● Excerpted data:
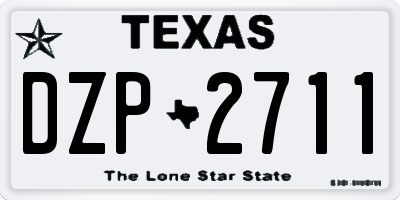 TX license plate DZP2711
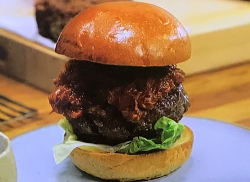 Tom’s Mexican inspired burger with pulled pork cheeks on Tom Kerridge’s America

---

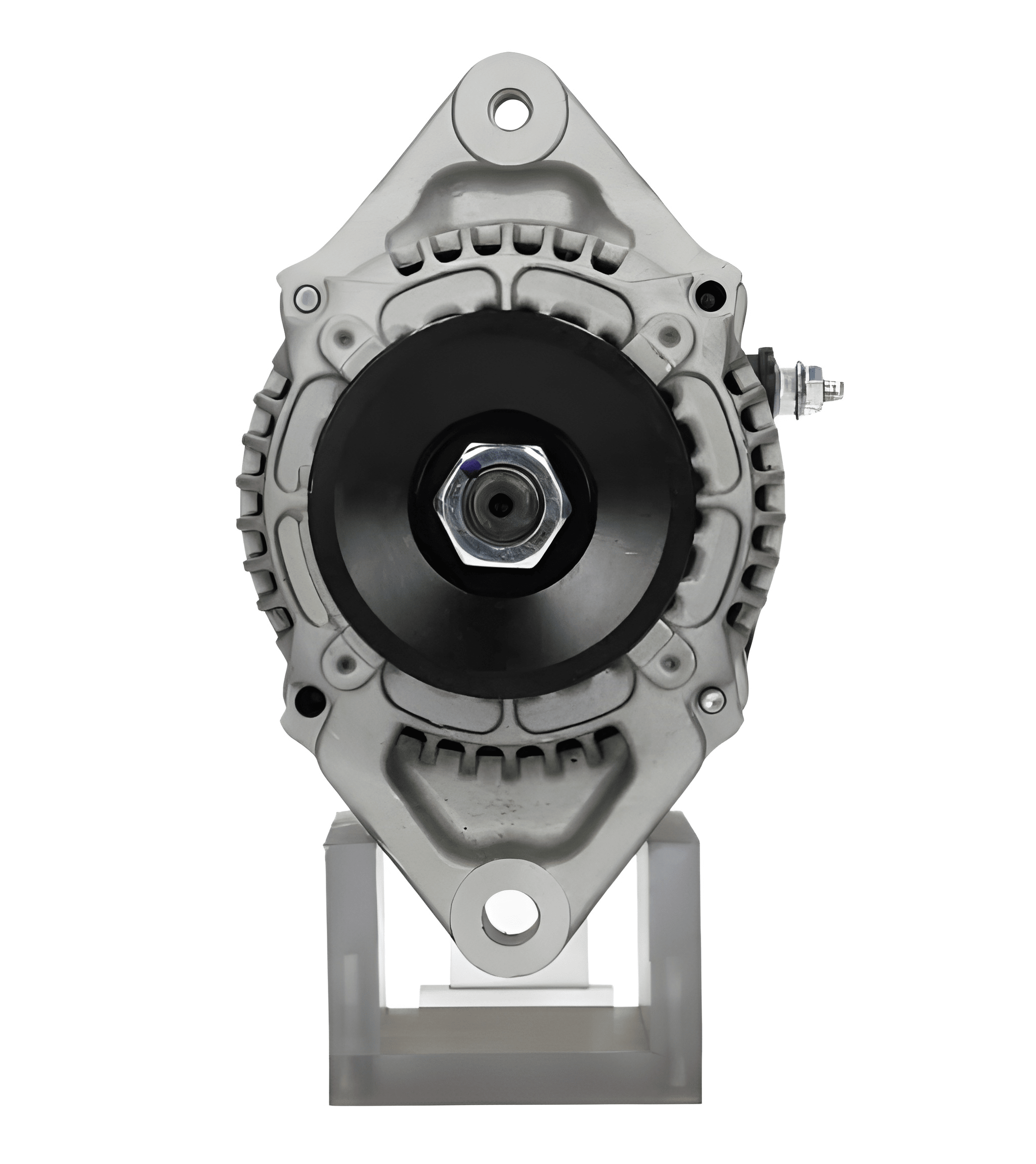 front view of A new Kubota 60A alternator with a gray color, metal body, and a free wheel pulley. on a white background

● Task item:
Look back at the data above, then output exactly the lines from the line holding "TX license plate DZP2711" up to and including the line holding "Tom’s Mexican inspired". Leave out the pictures.

● Exercise solution:
 TX license plate DZP2711
 Tom’s Mexican inspired burger with pulled pork cheeks on Tom Kerridge’s America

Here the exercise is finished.